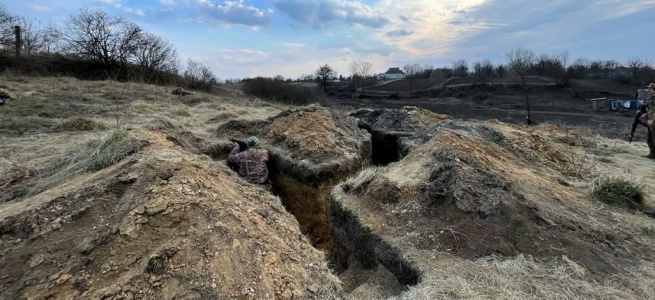 "Their Reputation Is Hurting": When a Luhansk Official’s Facebook Apology Collided with Trench Reality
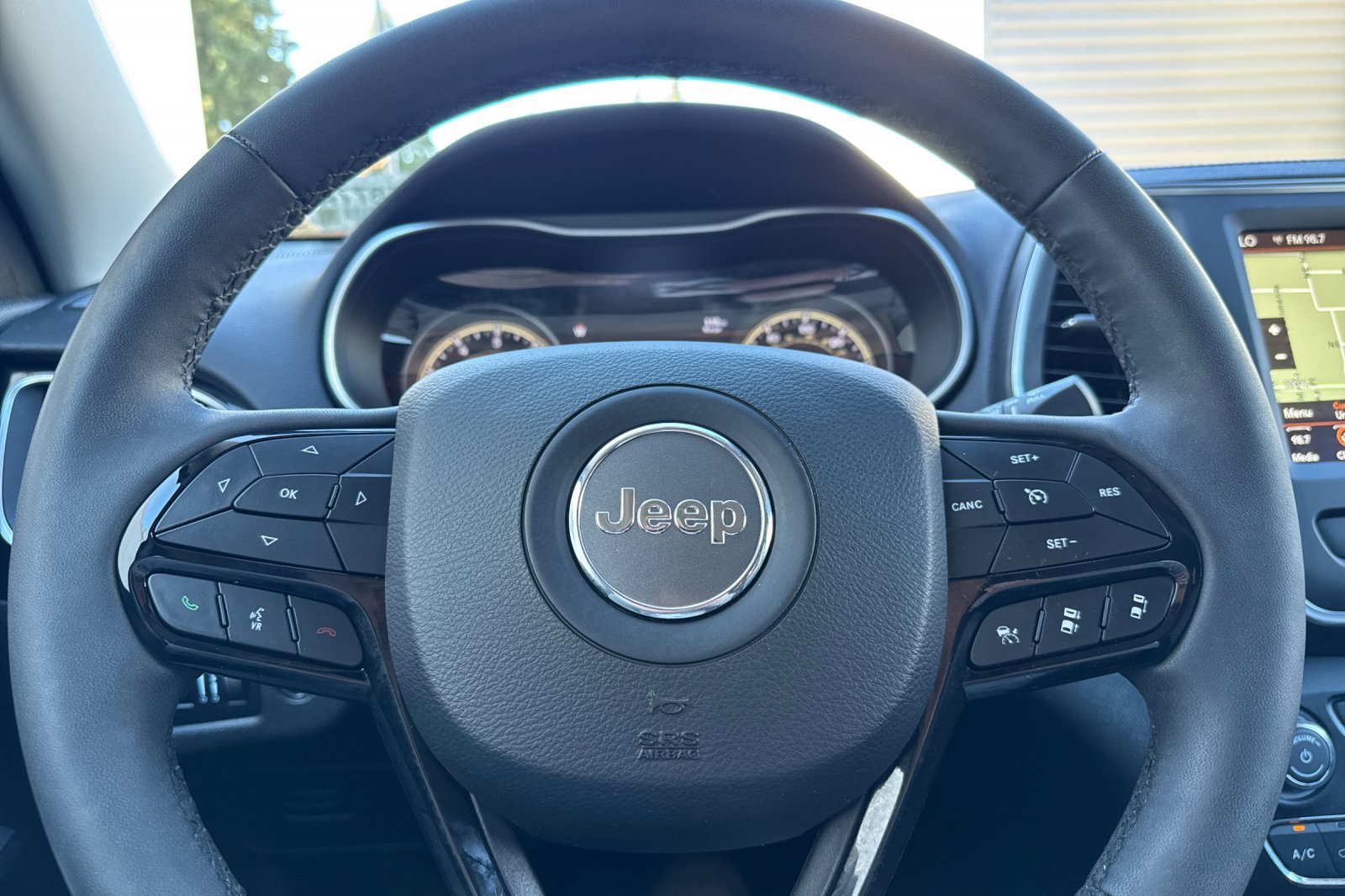 Used 2023 Jeep Cherokee Altitude Lux AWD/4WD image 24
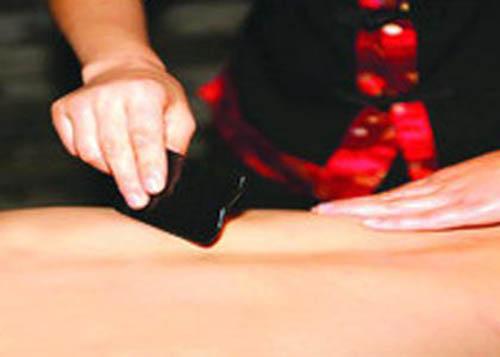 刮痧的注意事项有哪些（刮痧的注意事项有哪些禁忌）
__________
PROMPT: Output the material word for word, and keep the pictures out.

TASK RESULT:
 "Their Reputation Is Hurting": When a Luhansk Official’s Facebook Apology Collided with Trench Reality
 Used 2023 Jeep Cherokee Altitude Lux AWD/4WD image 24
 刮痧的注意事项有哪些（刮痧的注意事项有哪些禁忌）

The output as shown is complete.